Unsere halbe Zeit verbringen wir nachts. Das Buch versucht einen Überblick der mit der Nacht verbundenen Phänomene von der Kunst des Alten Orients über das Alte Ägypten, das antike Griechenland und Rom, das Mittelalter in Europa und Byzanz, die Renaissance und den Manierismus bis zum Ende barocker Malerei zu geben. Die dunklen Elemente der Sprache wirken aus der antiken Rhetorik über die Troubadour-Dichtung bis zu John Donne auch in die bildende Kunst. Die nächtlichen Seiten des Menschen berühren Hexenwahn, Höllenvisionen und apokalyptische Vorstellungen. Kunst und Wissenschaft haben bis heute das Interesse an der Nacht nicht verloren, was sich in zahlreichen Ausstellungen und Radiosendungen zum Thema äußert, aber auch in Musikstücken, Film, Theater und Buchtiteln. Plinius und Platon liegen mit der "Dibutadislegende" und dem "Höhlengleichnis" der Erkenntnis von Karl Philipp Moritz in seiner "Götterlehre" zu Grunde: "Die Kunst kommt aus der Nacht". Vom Ursprungsmythos, dessen feministischen Aspekten, über den nächtlich schöpferischen männlichen Künstler-Außenseiter, der - gleich den Idealen des römischen Kaisers und Dichters - mit Nachtfleiß gegen den Schlaf kämpft und im dunklen Studiolo oder Aktsaal der Akademien seinen Studien nachgeht, bis zu den nächtlich umtriebigen Menschen und der "Nyktomachia" des Krieges wird methodisch auch ein Überschreiten der Grenze zu Nachbardisziplinen angestrebt.
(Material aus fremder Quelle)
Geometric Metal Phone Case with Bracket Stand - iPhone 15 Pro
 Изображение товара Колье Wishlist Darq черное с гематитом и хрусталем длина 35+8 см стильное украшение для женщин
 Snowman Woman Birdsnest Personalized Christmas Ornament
Perlentaucher-Notiz zur Süddeutsche Zeitung-Rezension
So eine umfassende Geschichte der "Nacht in der Kunst des Abendlandes" hat es bisher nicht gegeben, freut sich Claudia Lanfranconi und zählt verschiedene Einzeluntersuchungen auf, die entweder methodisch überholt (wie Wolfgang Schönes "Das Licht in der Malerei") oder auf einzelne Epochen konzentriert seien (so Stoichitas Renaissance-Darstellung der "Geschichte des Schattens"). Auch wenn die Verfasserin chronologisch und enzyklopädisch vorgehe, so Lanfranconi begeistert, führe Brigitte Borchardt-Birbaumers Ansatz weit über eine Anthologie von Nachtbildern hinaus. Mit den Bildern nämlich ließen sich kosmologische Vorstellungen, astrologische Entdeckungen und ästhetische Moden über einen Zeitraum von fünftausend Jahren erzählen, schwärmt die Rezensentin. Ihrer Begeisterung gebietet allerdings der etwas umständliche wissenschaftliche Duktus des Buches Einhalt, das sein Thema zwar im Vorwort als "wissenschaftsfeindlich" bezeichnet, deshalb jedoch durchgängig in Verteidigungshaltung verharrt: lateinische Originalzitate und umständliches Referieren der Forschungsdiskussionen sind aus Lanfranconis Sicht durchaus verzichtbar, die sich den zweiten Band (von Goya bis heute) mit "weniger Licht" wünscht.